By John Schuhmann, NBA.com
Posted Dec 3 2008 1:00PM
I've read a couple of published articles in the last few days either praising teams for taking a lesson from the Celtics and strengthening their defense this season or lamenting the lack of offense that we have seen across the league so far.
Comparing the league-wide offensive rating (points scored per 100 possessions) through October and November of this season (107.3) to the league-wide rating from last season (109.1) would tell you that offense is down. Last week, in looking at which teams had improved or worsened on either side of the ball, we noted that only six teams had improved over their offensive rating from last season.
Maybe, in general, teams have decided that they need to be better defensive teams in order to compete in today's NBA.
Not so fast.
If you break down last season's numbers month by month, you will see that the league started out slowly and became more efficient offensively as the season went on. And when you compare this season's first-month rating of 107.3, it's actually up from last season's first-month rating of 106.5.
|2007-08 Offensive Ratings|
Of the 30 teams, only four (Dallas, Memphis, Milwaukee and San Antonio) had higher offensive ratings on Dec. 1, 2007 than they did at the end of the season. The other 26 all became more efficient after the first month.
Further, in every season since the lockout-shortened '98-99 campaign, the league-wide offensive rating has increased from the first month. In 2002-03, it increased by more than three points per 100 possessions. The average increase over the nine seasons is 2.2 points per 100 possessions.
|Offensive Rating Through The Years|
It's fairly easy to come up with reasons for improved offensive efficiency as the season goes on.

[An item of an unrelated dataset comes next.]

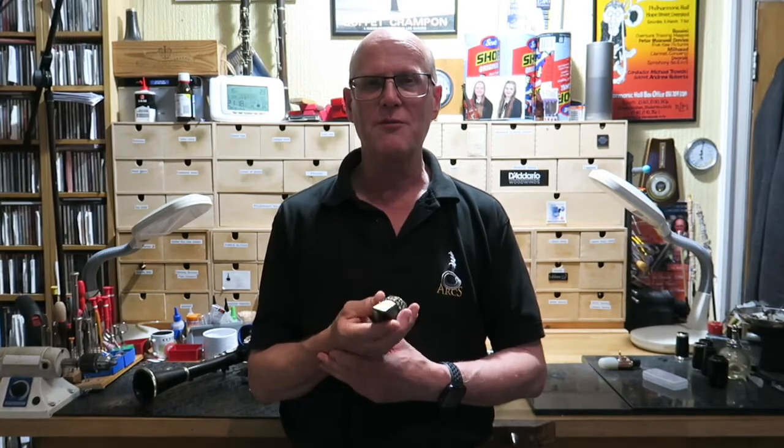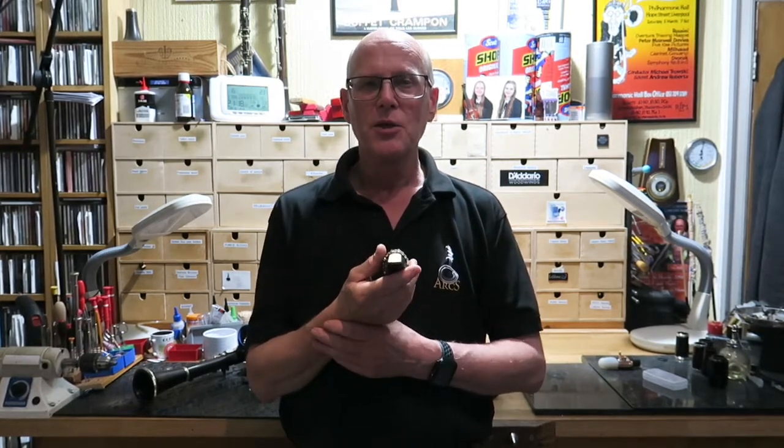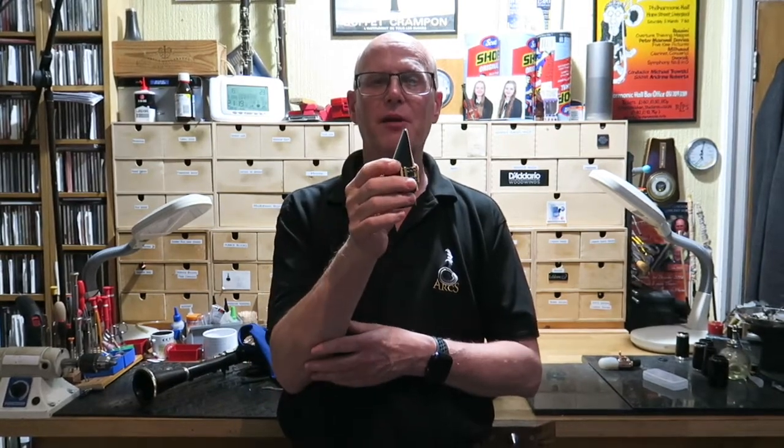However, if you invert the mouthpiece and suck rather than blow, you can get the reed to vibrate. It actually takes a lot of volume of air so it's very difficult to sustain for any length of time. As you'll see, it's a very short slow motion video clip.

At the beginning of the season, teams are trying to integrate new personnel, either new players or new coaches. Chemistry and cohesiveness are clearly keys to a sharp offense. Just think about all the turnovers you see in Summer League or All-Star games, when guys are playing with each other for the first time.
Last October and November, teams turned the ball over 16.5 times per 100 possessions. That number was down to 15.4 by the end of the season. Shooting also improved as the year went on.
At the beginning of the season, coaches have also added new offensive sets that the players need to adjust to. And in October and November, coaches haven't even put in all of their sets, so a team may be working with an abridged playbook. As the season goes on, new sets, plays and options are added to what each team does offensively.
I think that's what makes the Cavs' improvement from last year so impressive. A week after our most improved analysis, Cleveland is still the best offensive team in the league and still the team that has shown the greatest improvement on that end of the floor.
They're doing that while integrating a new point guard, as well as implementing some new offensive sets. You had to think that they would be improved by adding a scorer like Mo Williams to the lineup, but to be this good this early, especially when you consider the league-wide trend of starting slowly and getting better with time, makes what they've done that much more impressive.
Imagine how good Cleveland could be if Daniel Gibson, shooting just .364 from the field and .260 from downtown, starts finding his shot. The thought is pretty scary.
So, for those who think games have been a little too ugly for their taste so far this season, have patience. The offense will come around. The numbers don't lie.